TALK RADIO: The speaker of the House, turns out he’s a coward, a political coward!

Rep. TIM HUELSKAMP (R-KS), Tea Party Caucus: I think there were quite a few Republicans, including John Boehner, who were, you know, secretly half cheering with the president, you know, “If we can’t get it done through these Republicans and through the Republican base, we’ll just blame it all on the president and let him do it.”

TALK RADIO: I think that what is happening here is that Boehner wants to deal with Obama!

TALK RADIO: We have men and women much more junior to these so-called leaders who will do a hell of a lot better job!

ROBERT COSTA: As conservatives on the blogs, on talk radio, they hammered Boehner day after day, almost as much as they’d hammer the president.

TALK RADIO: The RNC needs to be fumigated.

TALK RADIO: Get rid of all the cockroaches, clean it out, start new, bottom up, top down.

NARRATOR: In New York City, at Trump Tower, Donald Trump had watched the unrest in the GOP and was about to make his move.

ROBERT COSTA: Trump watches the defeat of Eric Cantor in 2014. He sees the rising unrest on the right, and he sees an opportunity.

ROBERT DRAPER: Donald Trump entered the field pretty late, in June of 2015, and did so in what would be quintessential Trumpian fashion.

NARRATOR: He had risen to political prominence questioning the president’s legitimacy and now wanted the presidency for himself.

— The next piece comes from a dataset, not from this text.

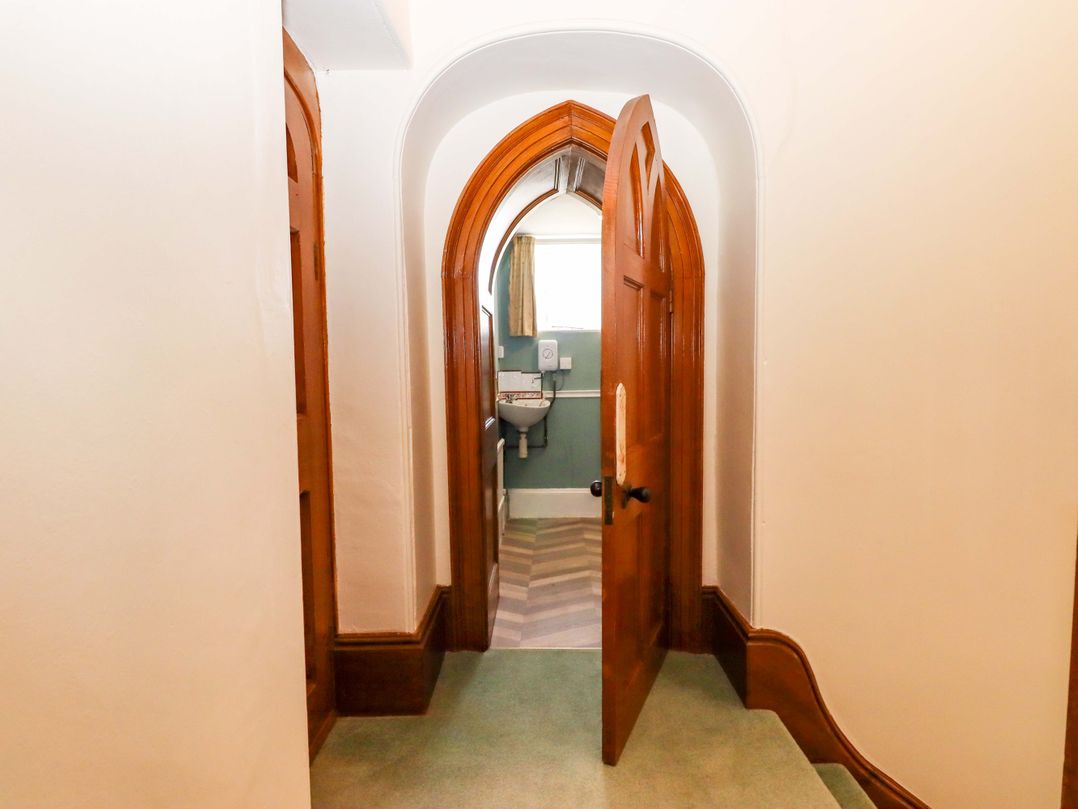 Dowrich West Wing Apartment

DAN BALZ, The Washington Post: He figures out that there is a white working class constituency who see Republican leaders as having been accommodationists, or in Trump’s estimation, just weak.

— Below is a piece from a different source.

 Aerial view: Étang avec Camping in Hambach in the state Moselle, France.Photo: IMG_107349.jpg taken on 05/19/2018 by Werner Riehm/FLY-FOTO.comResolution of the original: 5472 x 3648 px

VIN WEBER, Republican Strategist: It’s hard to explain the Trump phenomenon without explaining the fact that Donald Trump was willing to go where previous leaders wouldn’t go in terms of arousing people against each other and appealing to their darker sides.

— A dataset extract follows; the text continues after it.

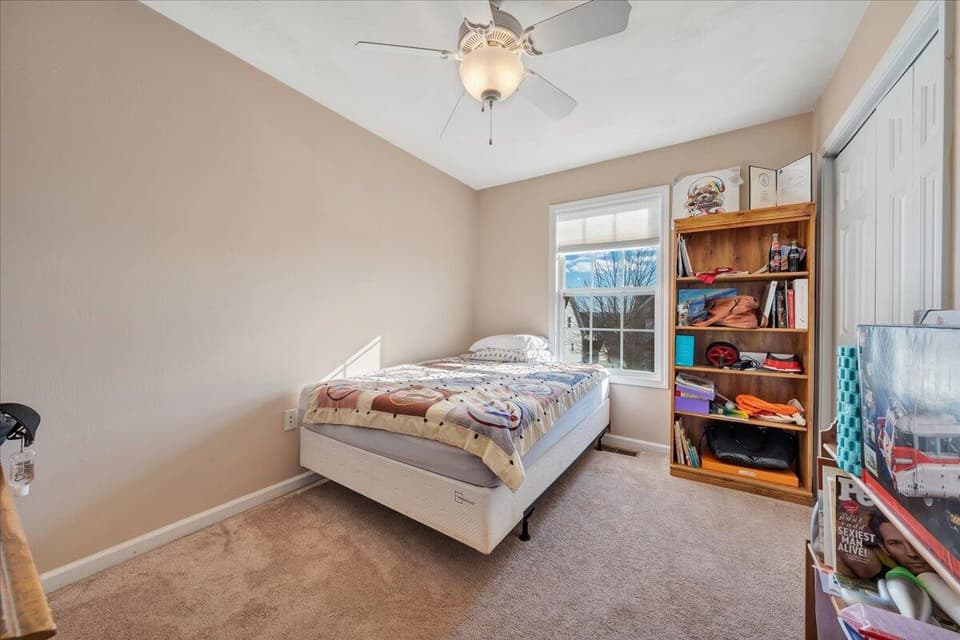 140 Wistaria Drive, photo 10 of 18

NARRATOR: The Republican establishment had embraced immigration reform, but as he announced his candidacy, Trump would go in the opposite direction.

DONALD TRUMP: When Mexico sends its people, they’re not sending their best. They’re not sending you.

RYAN LIZZA: If there’s a single issue that Trump seizes on that represents this gap between the grass roots and elites like Paul Ryan, it is undoubtedly immigration.

DONALD TRUMP: They’re bringing drugs. They’re bringing crime. They’re rapists. And some, I assume, are good people.

NORMAN ORNSTEIN, American Enterprise Institute: Donald Trump, having used the birther issue to his effect, suddenly looks out there and sees that if he gets to the right of everybody else in a bombastic fashion on immigration, he emerges as first among equals.

DONALD TRUMP: When do we beat Mexico at the border? They’re laughing at us, at our stupidity.

NARRATOR: Trump’s advisers had prepared him to take advantage of the anger over the airwaves and on the internet.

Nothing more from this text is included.